- **TASK PROMPT**
Below are records; from the line containing "Three-legged effigy burning" through the very last line, output each line exactly. No pictures.
── DATA EXCERPTS
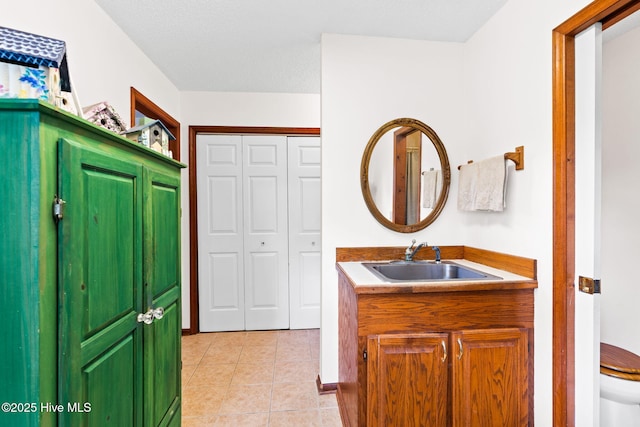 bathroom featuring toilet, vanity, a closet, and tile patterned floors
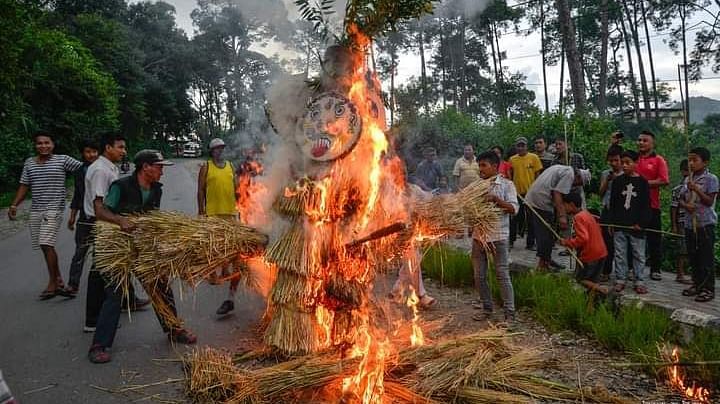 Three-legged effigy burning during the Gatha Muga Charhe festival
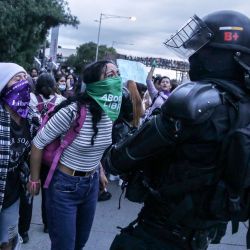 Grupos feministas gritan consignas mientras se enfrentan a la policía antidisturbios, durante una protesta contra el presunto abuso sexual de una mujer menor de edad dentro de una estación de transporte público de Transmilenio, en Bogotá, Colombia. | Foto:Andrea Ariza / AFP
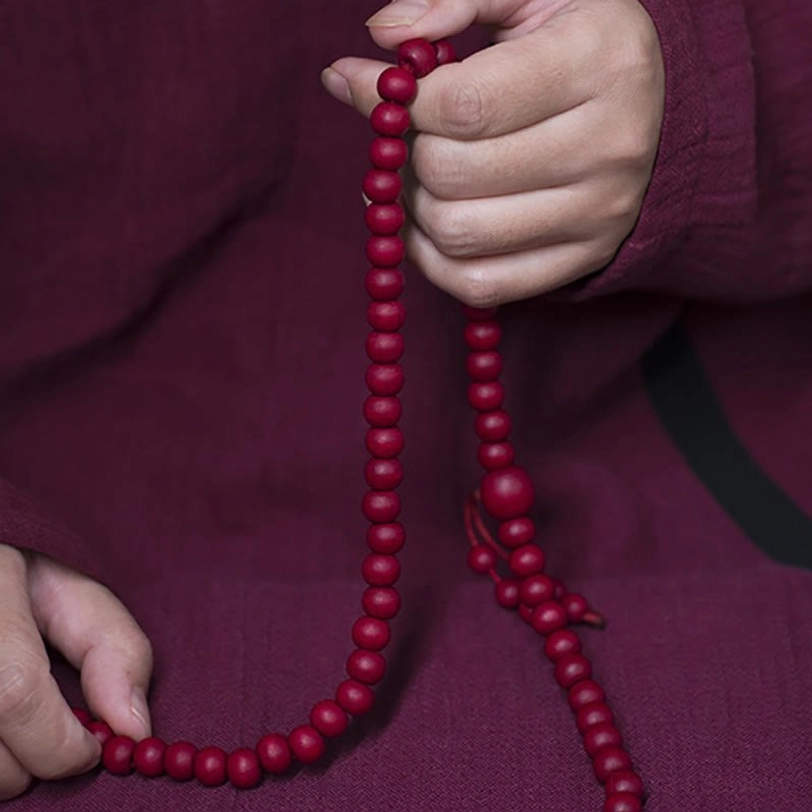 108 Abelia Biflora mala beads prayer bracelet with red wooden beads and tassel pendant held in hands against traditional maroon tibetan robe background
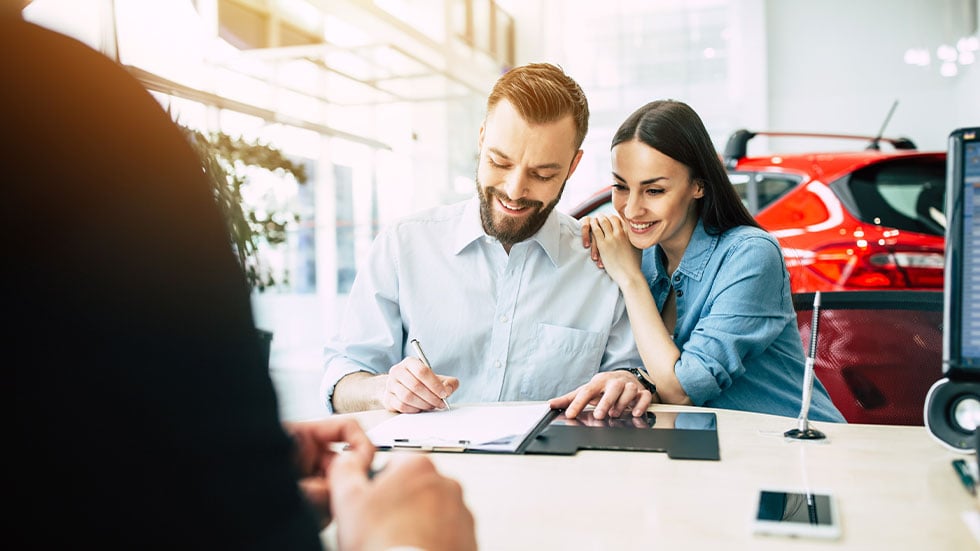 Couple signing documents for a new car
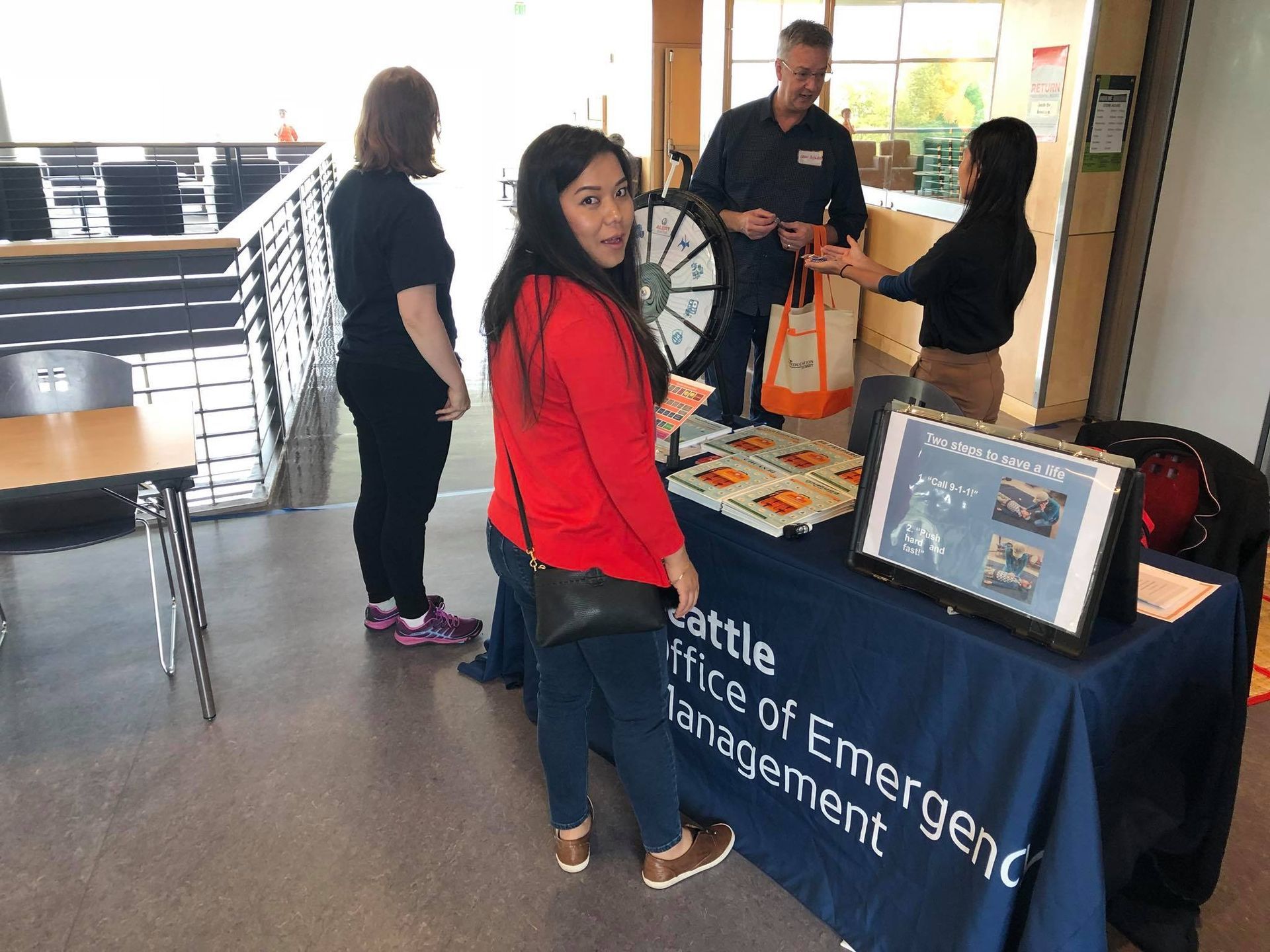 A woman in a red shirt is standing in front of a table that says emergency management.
────
- **REPLY TO THE EXERCISE**
 Three-legged effigy burning during the Gatha Muga Charhe festival
 Grupos feministas gritan consignas mientras se enfrentan a la policía antidisturbios, durante una protesta contra el presunto abuso sexual de una mujer menor de edad dentro de una estación de transporte público de Transmilenio, en Bogotá, Colombia. | Foto:Andrea Ariza / AFP
 108 Abelia Biflora mala beads prayer bracelet with red wooden beads and tassel pendant held in hands against traditional maroon tibetan robe background
 Couple signing documents for a new car
 A woman in a red shirt is standing in front of a table that says emergency management.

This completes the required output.